Available records:
+ + + + + + +

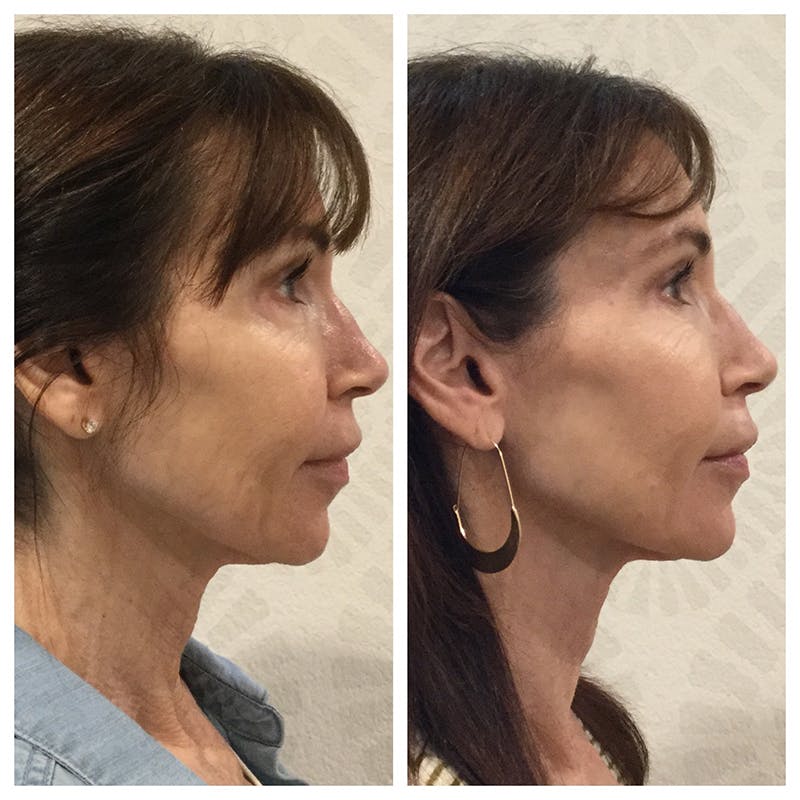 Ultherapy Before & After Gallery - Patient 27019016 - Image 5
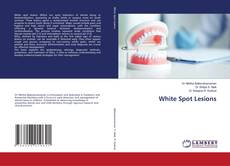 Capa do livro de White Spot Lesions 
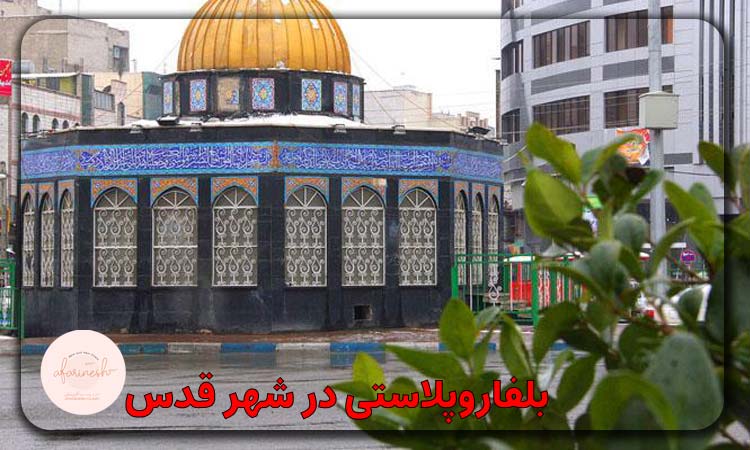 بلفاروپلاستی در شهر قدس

+ + + + + + +

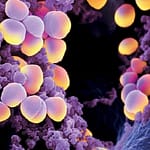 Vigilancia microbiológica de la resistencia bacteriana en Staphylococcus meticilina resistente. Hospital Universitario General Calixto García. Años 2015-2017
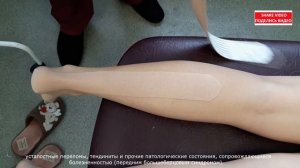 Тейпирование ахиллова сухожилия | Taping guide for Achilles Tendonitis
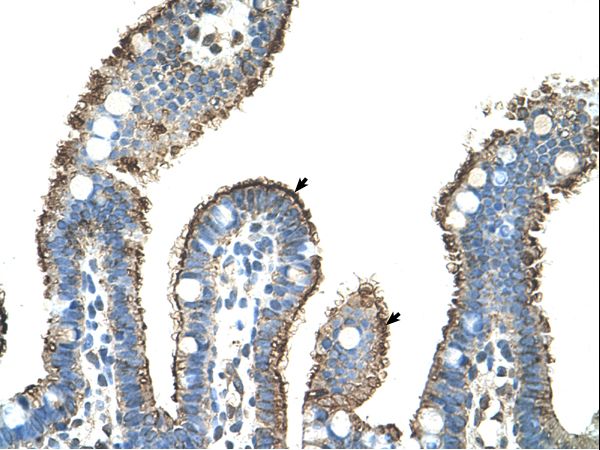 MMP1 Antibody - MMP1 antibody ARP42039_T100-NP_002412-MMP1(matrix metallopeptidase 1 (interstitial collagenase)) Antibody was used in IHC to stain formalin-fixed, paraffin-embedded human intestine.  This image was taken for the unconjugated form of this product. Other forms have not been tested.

+ + + + + + +

Assignment:
Starting at the line containing "Ultherapy Before &" and stopping at the line containing "بلفاروپلاستی در شهر قدس", output every line above exactly, both ends included, with pictures omitted.

Output of the exercise:
 Ultherapy Before & After Gallery - Patient 27019016 - Image 5
 Capa do livro de White Spot Lesions 
 بلفاروپلاستی در شهر قدس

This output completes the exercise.